On comprend donc mieux pourquoi ce rapport exécuté – c’est une espèce de record – en un mois (commencé le 9 avril, il a été rendu le 15 mai !) est d’une partialité évidente comme notre analyse le montrera.
Mais tout cela ne doit pas faire perdre de vue le véritable enjeu. Les associations ne demandent pas que l’on tranche entre les deux projets, le leur, et celui de la FFT. Elles demandent que l’on choisisse entre le leur et le déménagement de Roland-Garros ailleurs qu’à Paris. Jamais elles n’accepteront l’extension de Roland-Garros sur les serres d’Auteuil.

Sans surprise donc, le rapport a conclu à la faisabilité du contre-projet, mais en prenant soin, en le comparant à celui d’origine, d’en souligner les supposés faiblesses, ne laissant pas de doutes à quelqu’un peu familier du dossier que les propositions de la FFT sont les meilleures.
Il est facile, en dehors même des conflits d’intérêts qui marquent son élaboration, de démontrer à quel point celui-ci est biaisé.

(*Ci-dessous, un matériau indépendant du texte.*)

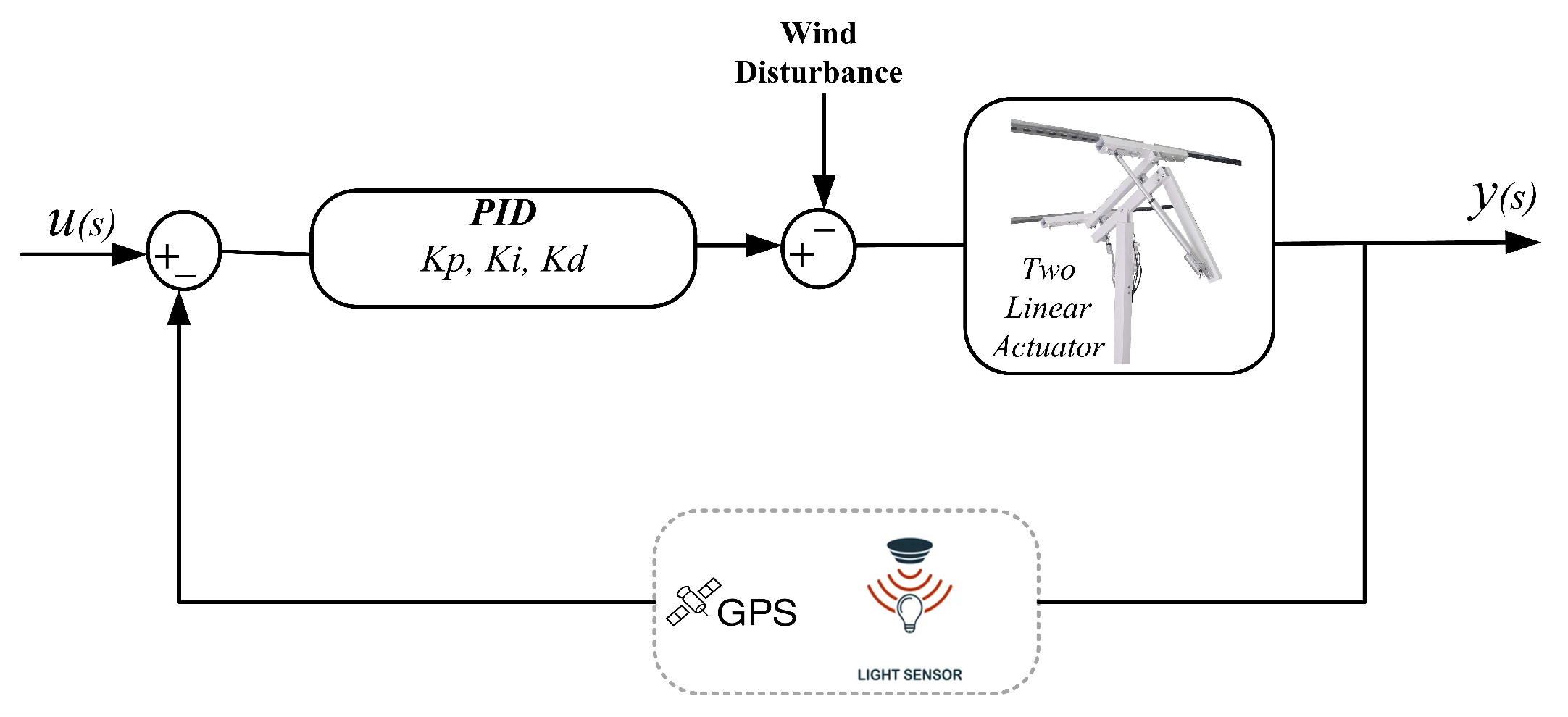 Energies 18 00217 g010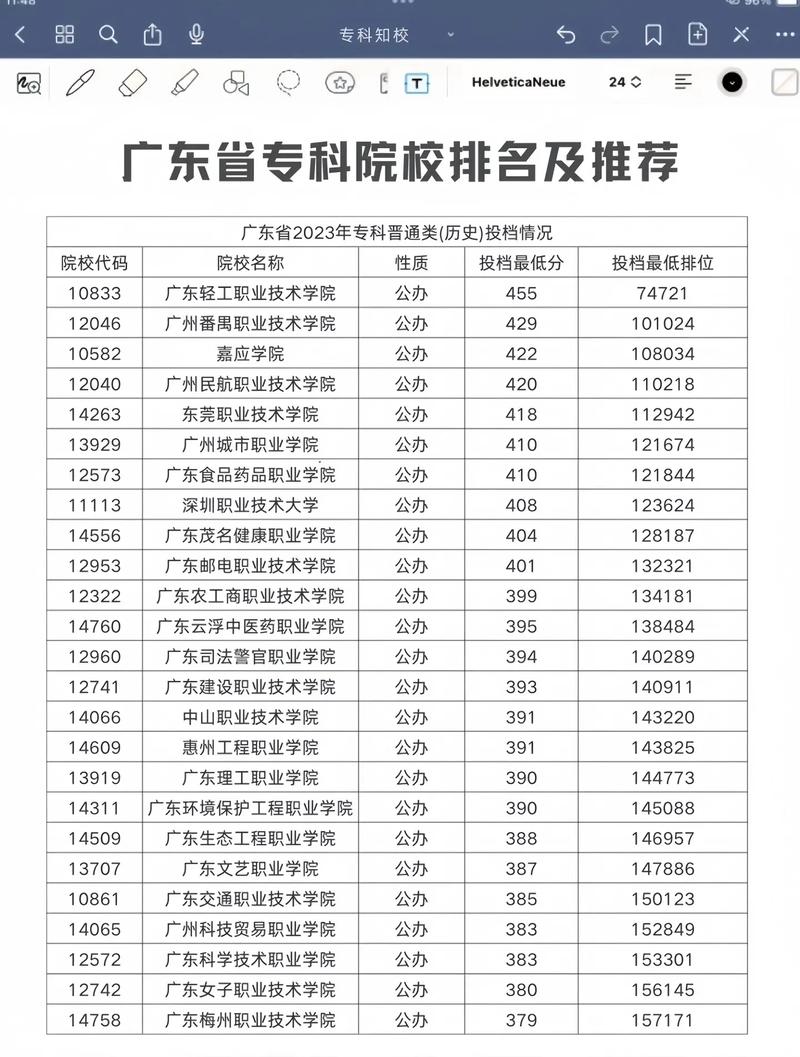 药剂专业专科大专院校-药剂专业专科大学排名？-第3张图片-职教招生网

D’une part, aucune des associations n’a été auditionnée par le cabinet ; seul l’ingénieur de Dam Design ayant travaillé sur le contre-projet a été entendu, le 11 mai à 15 h, soit 4 jours avant la remise du rapport à la FFT... D’autre part, comme le font remarquer les associations dans un communiqué, aucun des projets examinés par le rapport ne correspond à la réalité.

Celui de la FFT évalué par le rapport incorpore les bâtiments en meulière, et tout le jardin japonais ; Egis ignore donc les réserves émises par le ministère de l’Écologie en mars 2012 dont nous avions parlé ici, qui doivent s’imposer à la fédération et dont ils avaient pourtant connaissance (l’existence de ce document est signalé dans le cahier des charges de l’étude). Quant au projet des associations, il est tout simplement modifié : elles précisent ainsi que « le bureau d’études a inventé des aménagements à [notre] projet qu[e nous n’avons] jamais validé ». La lecture du rapport montre en effet que le projet présenté est adapté, à sa sauce, par la société Egis. On appréciera le tour de passe-passe.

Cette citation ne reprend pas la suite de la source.